Consider this model a roadmap for your success in coaching others. It can be used in a micro way to help you determine what you need to do right now in a conversation, and it can be used in a macro way as a roadmap for helping an individual improve (or overcome a performance issue) over a period of days, weeks or months.

This model is circular to show that while there are steps, coaching and learning are more fluid than that. In a given moment you may recognize you need to move to a different place in the model. That is OK. It was built it in a circular way to remind you of and reinforce that fact.
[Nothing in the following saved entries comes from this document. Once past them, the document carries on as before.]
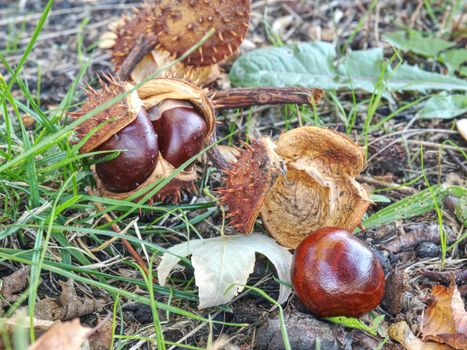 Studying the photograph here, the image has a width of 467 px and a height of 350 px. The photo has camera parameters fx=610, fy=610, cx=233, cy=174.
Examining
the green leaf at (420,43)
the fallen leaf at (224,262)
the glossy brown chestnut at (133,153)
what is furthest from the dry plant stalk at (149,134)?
the green leaf at (420,43)

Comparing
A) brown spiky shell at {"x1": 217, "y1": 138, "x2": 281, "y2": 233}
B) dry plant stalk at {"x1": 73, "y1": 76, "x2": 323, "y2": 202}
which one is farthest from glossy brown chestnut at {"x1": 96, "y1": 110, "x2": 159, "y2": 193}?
brown spiky shell at {"x1": 217, "y1": 138, "x2": 281, "y2": 233}

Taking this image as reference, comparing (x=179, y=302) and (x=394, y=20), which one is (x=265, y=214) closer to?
(x=179, y=302)

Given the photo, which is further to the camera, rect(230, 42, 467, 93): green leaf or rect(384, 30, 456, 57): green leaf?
rect(384, 30, 456, 57): green leaf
The six steps sit on top of a bed of support. The steps, individually and collectively, work better when done in supportive and caring ways. Whether you use this exact model or not, this concept of using supportive behaviors is critically important to your success in coaching.

Executing these steps successfully requires your communication skills — including thinking about the style and approach of the other person, your listening skills and more. To coach successfully requires understanding why people choose to change and how to help them do so.

Take what you already know and apply what you are learning to this model as you continue to master the craft of coaching:

Step 1: Identify expectations. In order to coach someone successfully, you must be clear on where you are coaching him or her to. What are your expectations for this person’s performance and/or behavior? What are your short-term and long-term expectations for him or her? You need answers to these questions, but you need more than this — you also need to understand this individual’s expectations.

Step 2: Define impact. Remember that people do things for their reasons, not yours (and not the organizational reasons either). The key is to help them develop personal benefits for moving to the new level of performance.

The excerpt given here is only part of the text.